Clearview AI is a surveillance technology used by at least 2,400 law enforcement agencies. Its CEO Hoan Ton-That recently said, in a BBC interview, that Clearview AI has fed its AI algorithm with 30 billion Facebook photos. Because there are fewer than three billion Facebook users, we can all be confident that every image we have ever posted on social media, from our 10th birthday party at Chuck E. Cheese to our sister’s wedding, is being studied by law enforcement somewhere.

We put photos of ourselves on Facebook that we are especially proud of. After all, these are the images that our friends, family, and significant others will be admiring. But in secret – in a cold, dark, and indifferent office – a group of strangers is carefully examining these photos. In some cases, this questionable access, misled by a chain of questionable algorithms, is destroying lives, affiliating innocent individuals with nefarious and illegal activities.

Despite this alarming invasion of privacy, no laws have been broken. All the images swirling around the gigantic Clearview AI cloud have been lawfully collected. Ton-That likened the way Clearview AI attains its images to “any other search engine like Google.”

To make this story even more unsettling, more than 3,000 U.S. law enforcement agencies have used the database. Law enforcement uses the technology to locate a culprit of dozens of offenses, from murder to shoplifting. In an ideal world, such technology would heroically solve every crime to be tossed on the detective’s desk.

Strip all the bells and whistles away though, Clearview AI is nothing more than a massive collection of identifiers – names, loosely coagulated with images. Clearview AI has collected a reservoir of millions of people’s photos and has sold this data to law enforcement, with the aim of helping law enforcement in locking those people up.

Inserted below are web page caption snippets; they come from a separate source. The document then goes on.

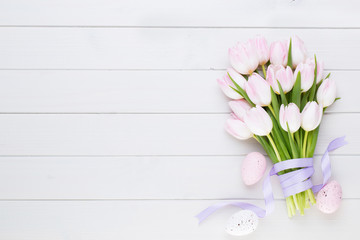Pink pastel color tulip on the white background. Easter background.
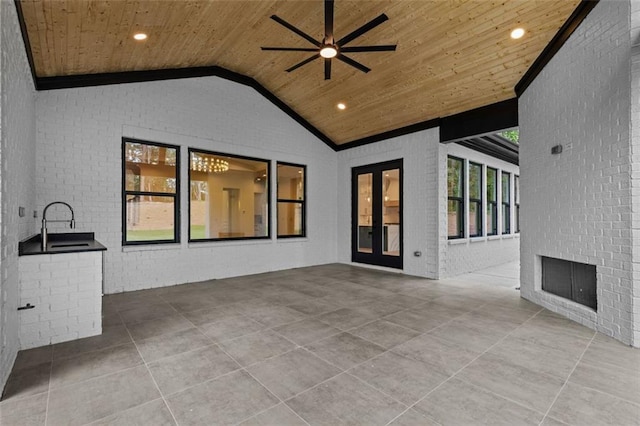 view of patio / terrace with ceiling fan, french doors, and area for grilling
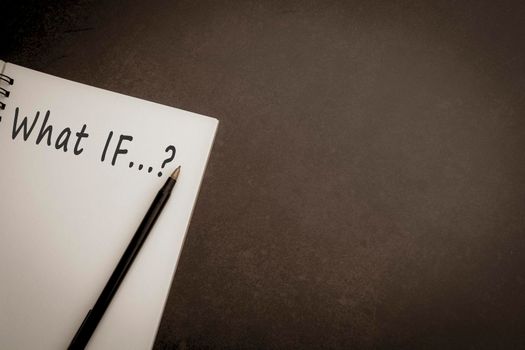 What If text on notepad with dark background
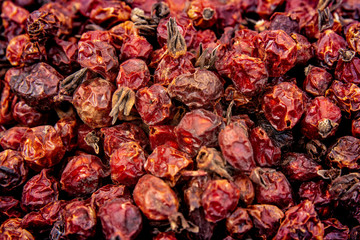 Dry berry Rose hips background. Dried rose hips. Pile of dogrose. Healfy concept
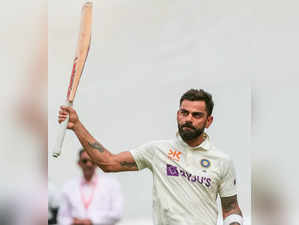 Ahmedabad : India's Virat Kohli raises his bat to acknowledge the crowd as he walks back to pavilion after his dismissal during the fourth day of the fourth cricket test match between India and Australia at Narendra Modi Stadium in Ahmedabad on Sunday, March 12, 2023.(Photo:Raj Kumar/IANS)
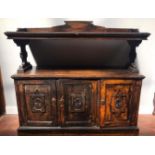A late 19th century stained oak Gothic Reform two-tier buffet, with a pair of base cupboard doors,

Since we are dealing with technology, hiccups and errors are inevitable. However, if crumby technology causes your television to break, that’s one thing, but when an faulty algorithm can result in an innocent person being arrested, the damage in incalculable.

“Clearview is a total affront to peoples’ rights, full stop, and police should not be able to use this tool,” Caitlin Seeley George, the director of campaigns and operations for the nonprofit digital rights advocacy group Fight for the Future told Insider.